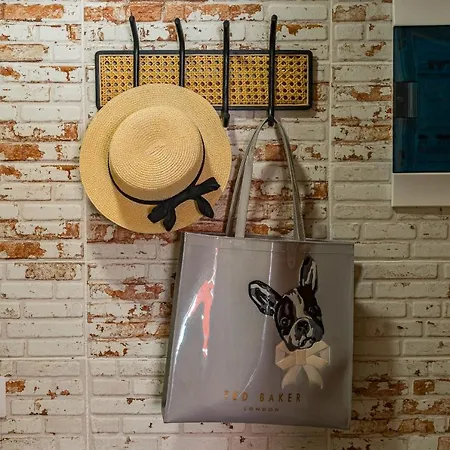 With Terrace And Pool, Cristianos Apartamento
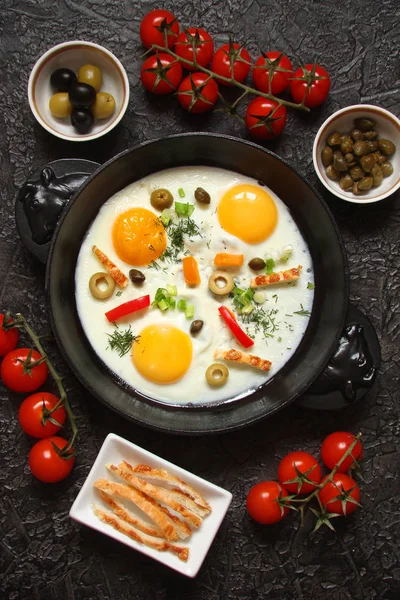 Kızarmış yumurta dökme demir tava biber, domates, Kapari, o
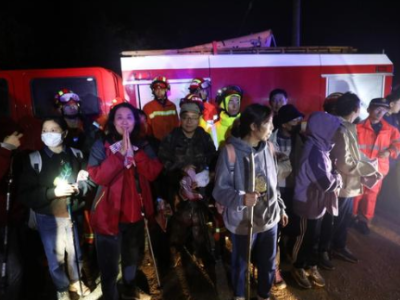 12名“驴友”被困深山 浮梁消防7小时冒雨救援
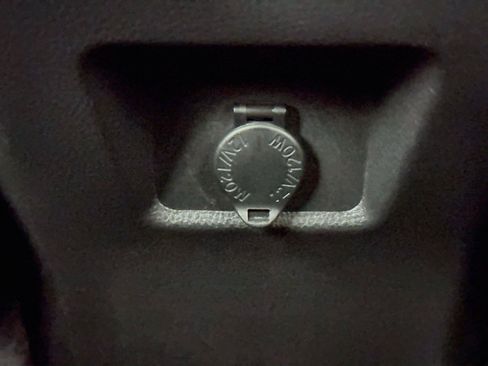 Certified 2024 Toyota RAV4 LE AWD/4WD image 33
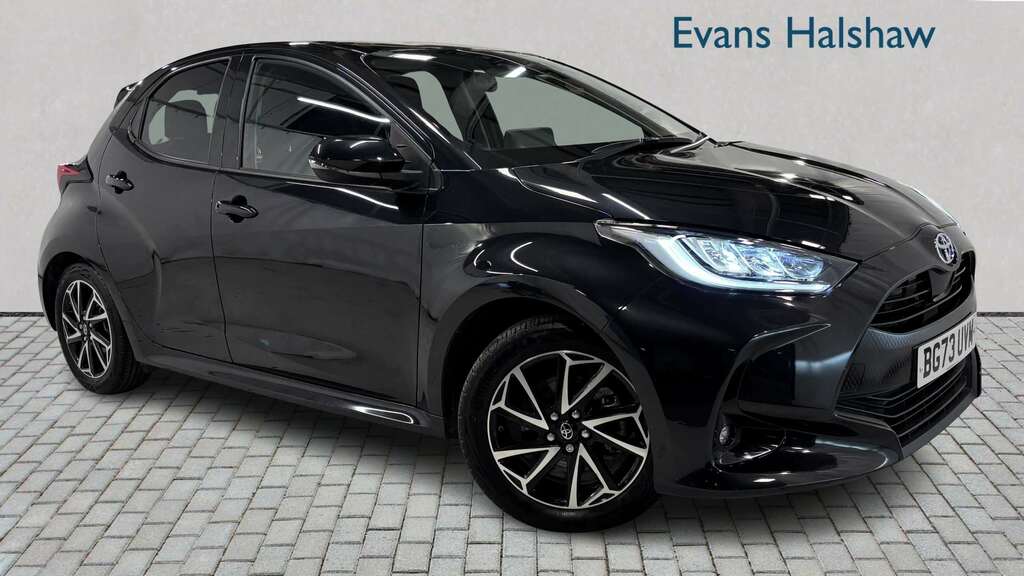Toyota Yaris 1.5 Hybrid Design Cvt 2023 Black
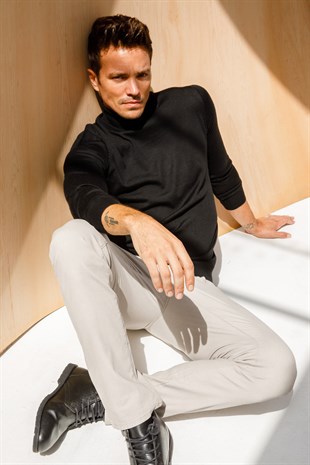 Мужской Базовый свитер с круглым вырезом, Черный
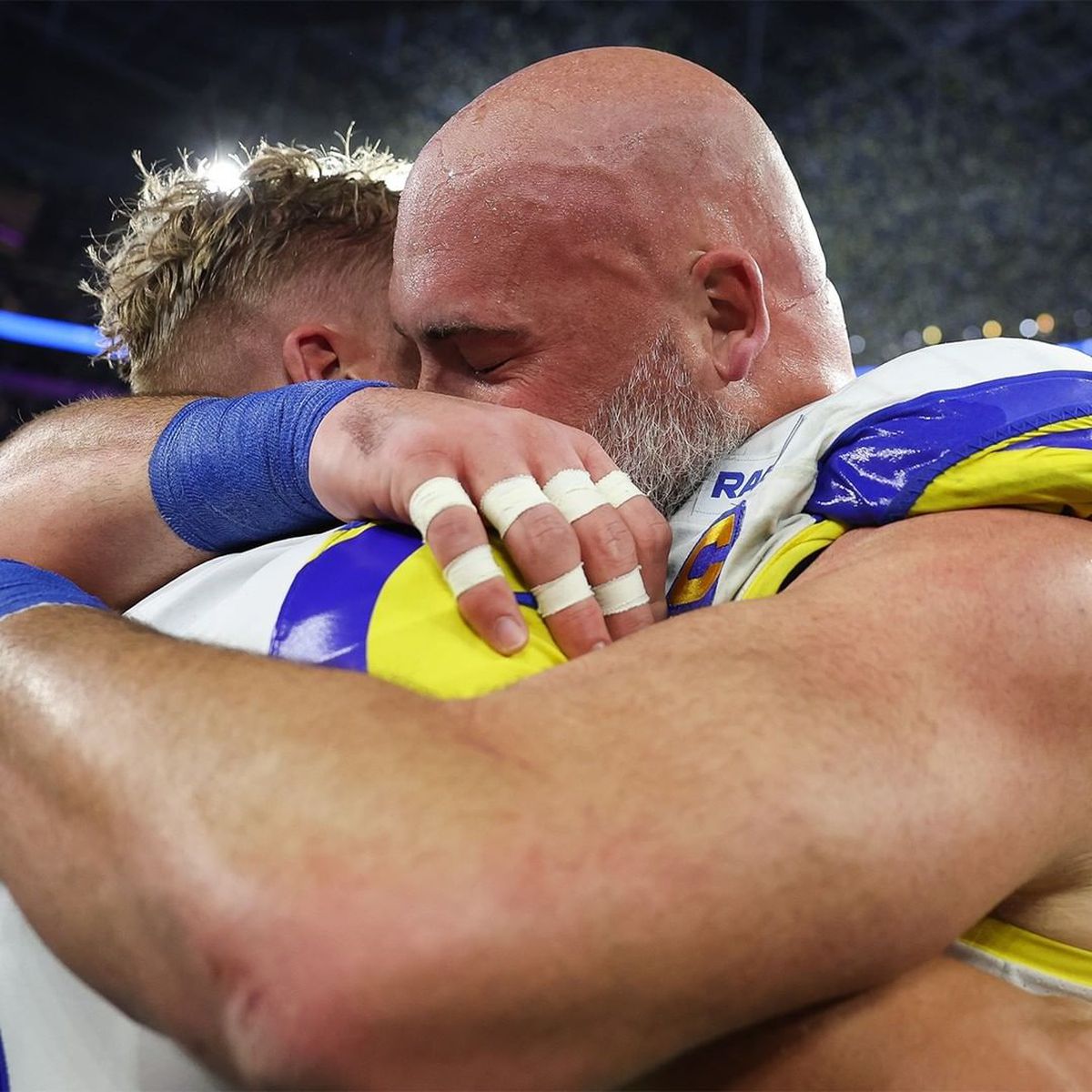 Spectacol în SuperBowl LVI » Los Angeles Rams a reușit să întoarcă scorul și să câștige pentru a doua oară trofeul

- What you need to do: Will you repeat the material above, but only from the line containing "Toyota Yaris 1.5 Hybrid Design Cvt 2023 Black" through its last line, exactly and without the pictures?

- Answer space:
Toyota Yaris 1.5 Hybrid Design Cvt 2023 Black
 Мужской Базовый свитер с круглым вырезом, Черный
 Spectacol în SuperBowl LVI » Los Angeles Rams a reușit să întoarcă scorul și să câștige pentru a doua oară trofeul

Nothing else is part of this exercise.